L’enfer du vivant n’est pas chose à venir ; s’il y en a un, c’est celui qui est déjà là, l’enfer que nous habitons tous les jours, que nous formons d’être ensemble. Il y a deux façons de ne pas en souffrir. La première réussit aisément à la plupart : accepter l’enfer, en devenir une part au point de ne plus le voir. La seconde est risquée et elle demande une attention, un apprentissage, continuels : chercher et savoir reconnaître qui et quoi, au milieu de l’enfer, n’est pas l’enfer, et le faire durer, et lui faire de la place.

Italo CALVINO, Les villes invisibles, p.189

Depuis que l’homme ne croit plus à l’enfer, il a transformé sa vie en quelque chose qui y ressemble. C’était le moins qu’il pût faire.

Ennio FLAIANO, Autre mode d’emploi du meilleur des mondes possibles, in Conférence n°32, p. 348

Et BOBIN, avec cet humour indéfinissable [Ressusciter, p.137]:

J’aime bien cet endroit, la décoration a du charme, dit la petite jeune fille qui se trouvait en enfer.

La marche des Marines

Où il est question du Paradis – et de ce qu’on y chante !

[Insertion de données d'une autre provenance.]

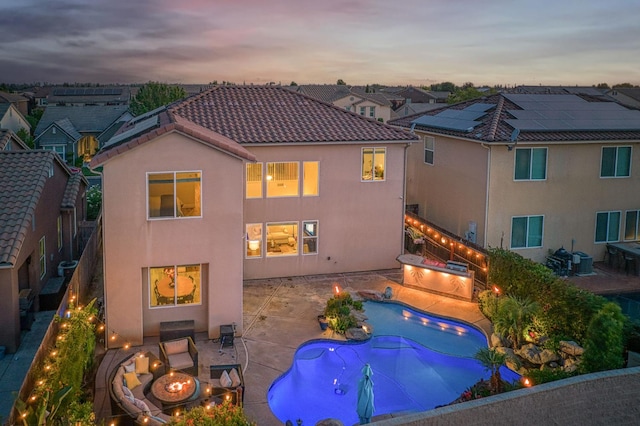 4367 Salem Ln, Clovis, CA 93619 - back of house featuring a fire pit, stucco siding, a tile roof, and a fenced backyard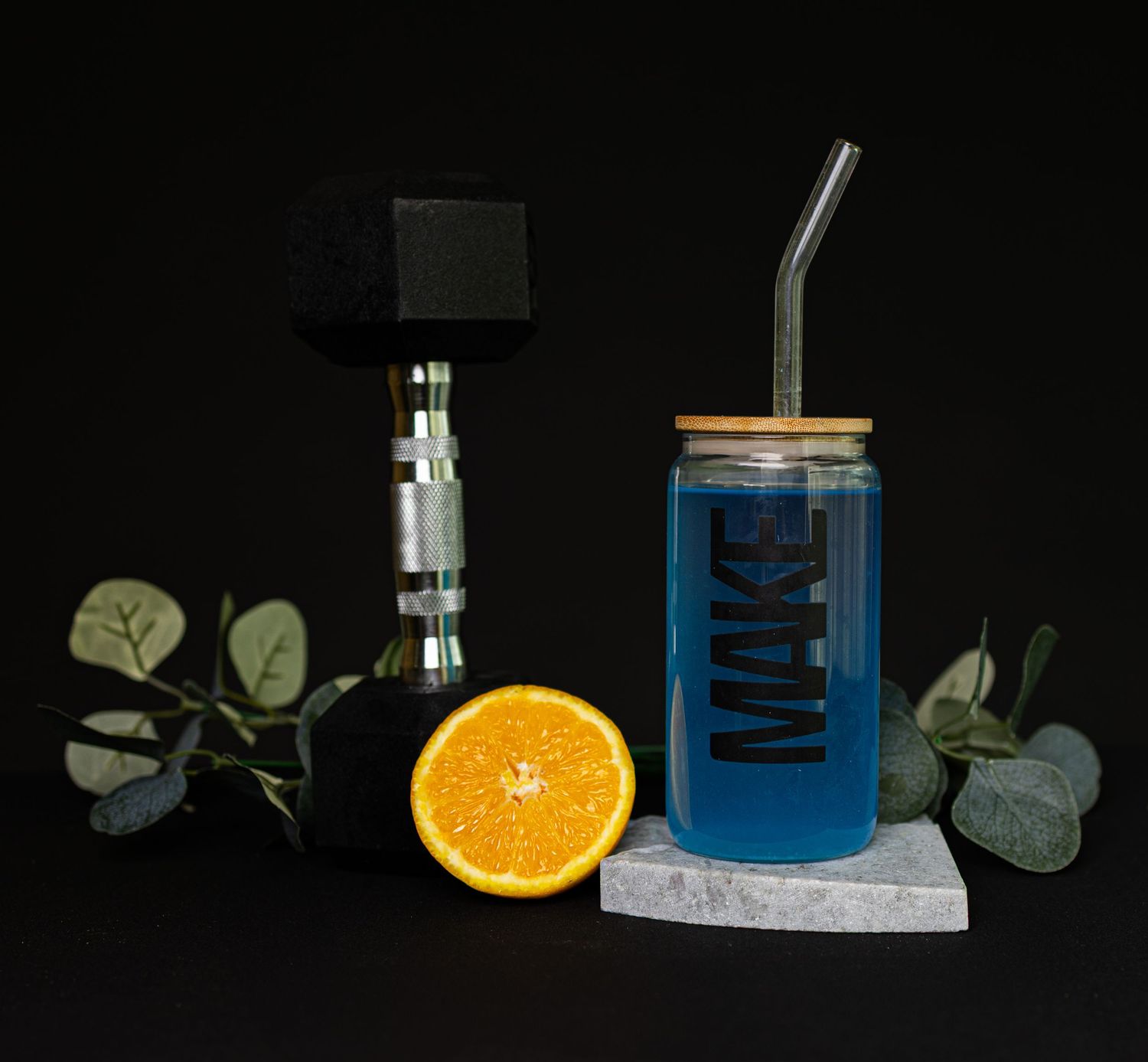 A sequence of four images showing a blue liquid in a glass beaker with an orange slice and eucalyptus leaves on a dark background.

Dans le film de GODARD, Notre musique – 3e partie: Royaume III, le Paradis apparaît comme un jardin, une nature très verte, mais assez froide, peu accueillante. Il est occupé par des Marines américains en uniforme de parade (col marin, calot) qui gardent les limites du royaume, derrière une grille/un grillage plutôt, au bord de l’eau — qui doit être celle d’un lac dans lequel trempent les branches des arbres les plus proches. On entend la marche des Marines :  Les Marines américains/des États-Unis gardent les rues du Paradis. Un message qui se veut rassurant. Bigre !

En écho, Giovanni BORGOGNONE cite Robert KAGAN, dans un article très éclairant, publié par la revue Conférence (n°29, 2010) sous le titre « L’anti-européanisme des Américains »: Pour le vieux continent, la meilleure chose serait donc d’accepter le « prix du Paradis », c’est-à-dire la présence d’une Amérique forte et même hégémonique. 

Le Paradis

Christian BOBIN, dans ce livre magnifique consacré à Emily Dickinson (La dame blanche, p. 117), cite la poétesse américaine:

Chacun de nous prend le paradis dans son corps ou l’en retire, car chacun de nous possède le talent de vivre.

Et Anne PERRIER, en exergue de son très beau recueil La voie nomade (La Dogana, 1986), donne aussi la parole à E.Dickinson:

Et pour occupation, ceci:
Ouvrir bien grandes mes étroites mains
Pour ramasser le Paradis.


Christian BOBIN, encore lui, note avec justesse [La dame blanche, p.68]:

Le paradis est l’endroit où nous n’aurons plus besoin d’être rassurés.

Et Roger MUNIER, cité par P.A.Tâche [Carnets 1989-1990, in Conférence n°32, p. 98]:

Le paradis, c’est peut-être de n’être pas, le sachant. Inexprimablement le sachant.